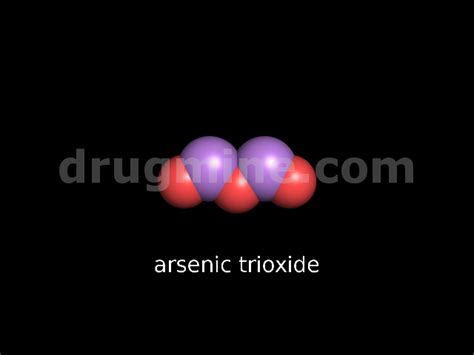 arsenic-trioxide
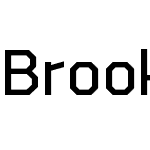 Brooklyn Sport
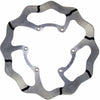 GALFER 280 TSUNAMI ROTOR ONLY DF200RWZ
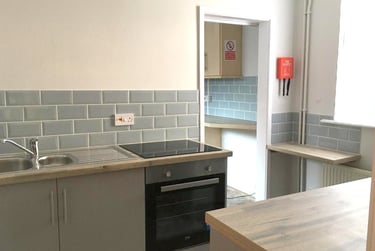 6 bed house, St Stephens Road, City Centre, Norwich, NR13RA - Image 5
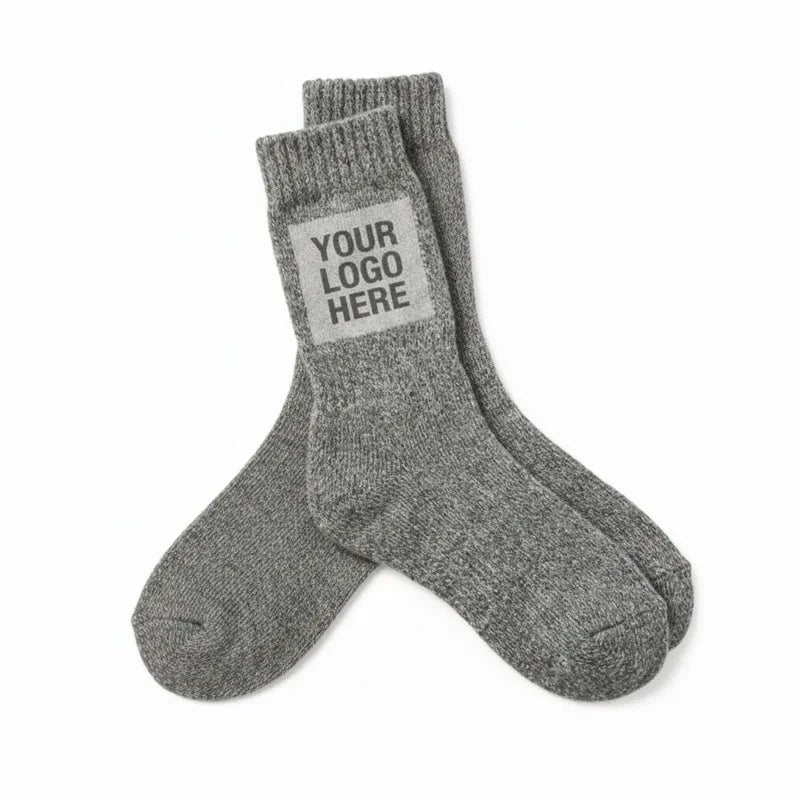 Boot Socks Thermal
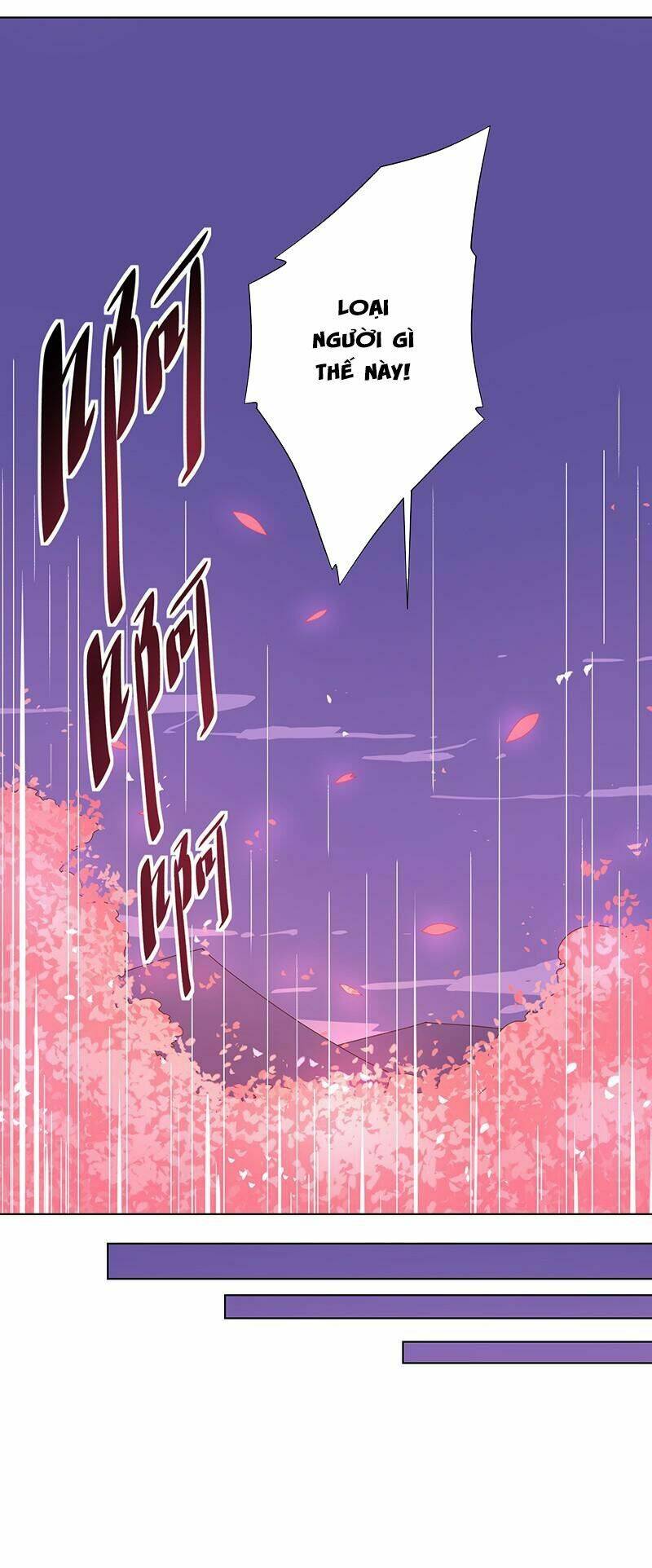 Đấu Chiến Thắng Phật: Chapter 20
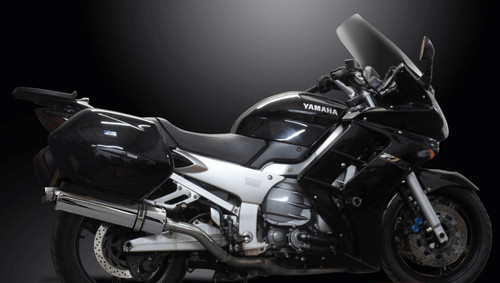Yamaha 1300 fjr paire - -01/05-,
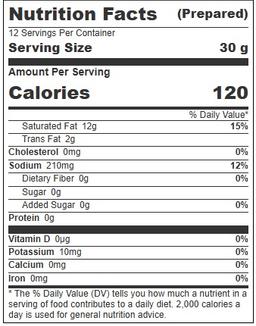 Product thumb gallery 4658326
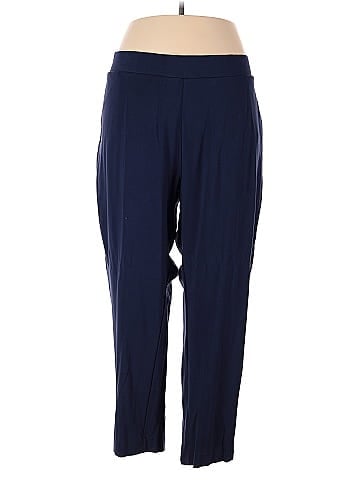 Liz & Me Active Pants (view 1)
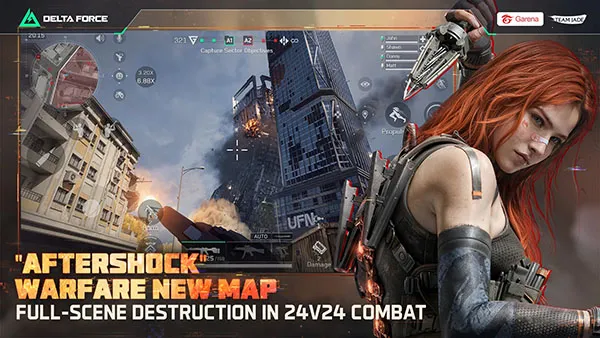 �������ж����а�2026�ٷ����°汾v1.203.37110.3901 ��׿���ͼ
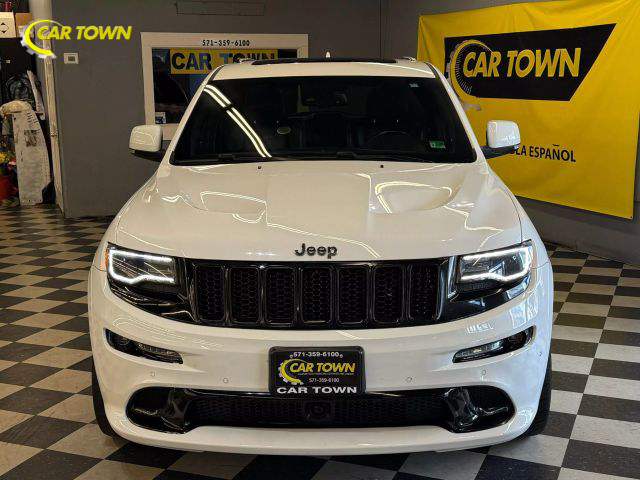 Vehicle image 4 of 61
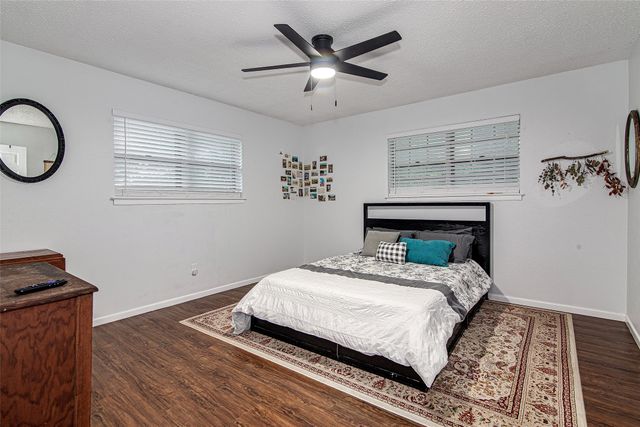 6049 Wormar Avenue, Fort Worth, TX 76133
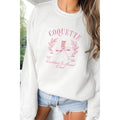 Cuquette Vintage Graphic - Adult & Kids T-Shirts, Sweatshirts & Hoodies apparel design preview 1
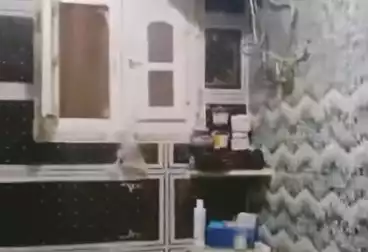 House / Home For sale - 2 rooms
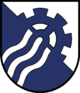 Coat of arms of Kaltenbach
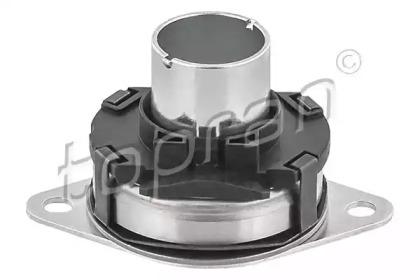 Topran 112 200 Підшипник зчеплення вижимний Topran 112 200 Підшипник зчеплення вижимний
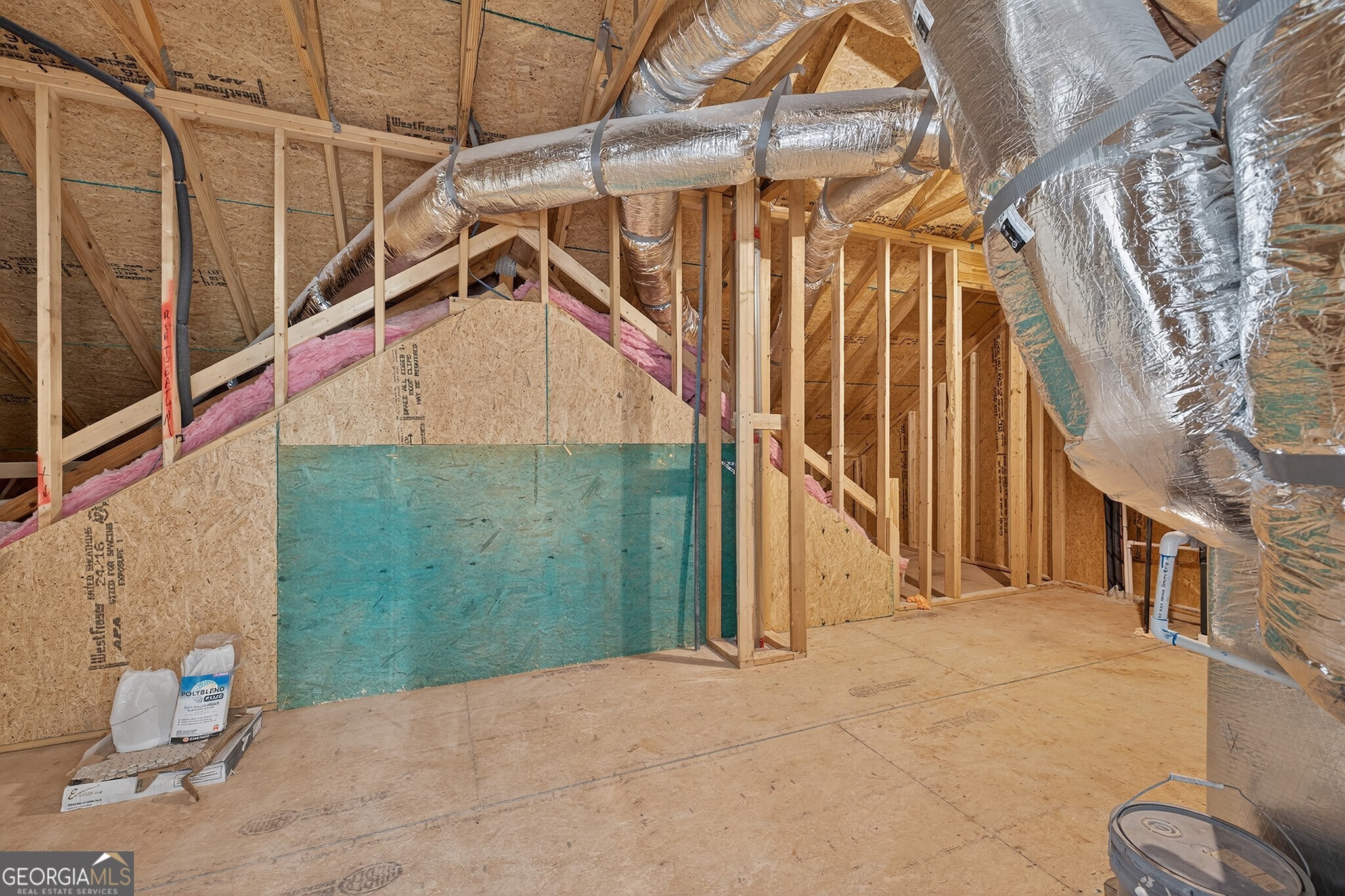 5619 Meadowstone Walk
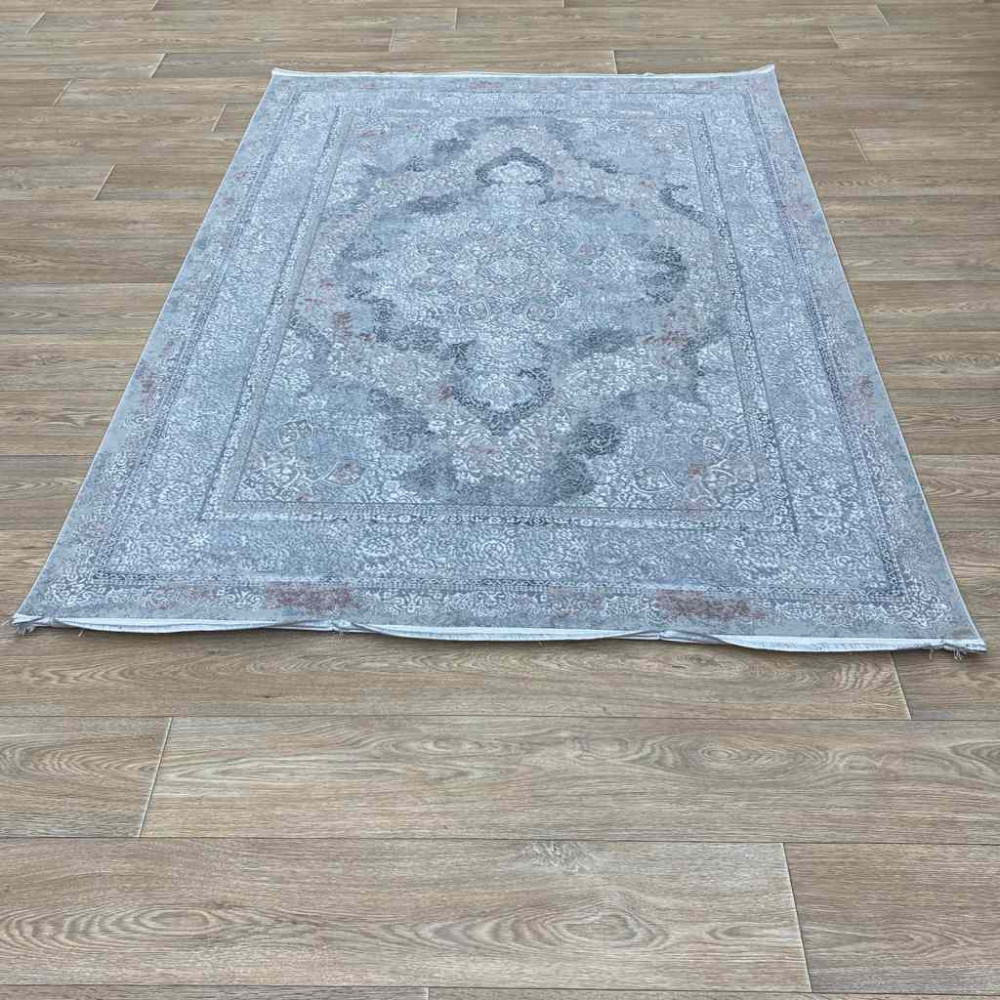 سجاد سوفيستيك 955 رصاصي زهري 24054 مقاس 80*150 سجاد سوفيستيك 955 رصاصي زهري 24054 مقاس 80*150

◆ ◆ ◆ ◆

Task directions: Exactly as written, reproduce the lines from the beginning of the material through the line with "House / Home For sale - 2 rooms", and skip any picture.

Answer for the task:
 arsenic-trioxide
 Brooklyn Sport
 GALFER 280 TSUNAMI ROTOR ONLY DF200RWZ
 6 bed house, St Stephens Road, City Centre, Norwich, NR13RA - Image 5
 Boot Socks Thermal
 Đấu Chiến Thắng Phật: Chapter 20
Yamaha 1300 fjr paire - -01/05-,
 Product thumb gallery 4658326
 Liz & Me Active Pants (view 1)
 �������ж����а�2026�ٷ����°汾v1.203.37110.3901 ��׿���ͼ
 Vehicle image 4 of 61
 6049 Wormar Avenue, Fort Worth, TX 76133
 Cuquette Vintage Graphic - Adult & Kids T-Shirts, Sweatshirts & Hoodies apparel design preview 1
 House / Home For sale - 2 rooms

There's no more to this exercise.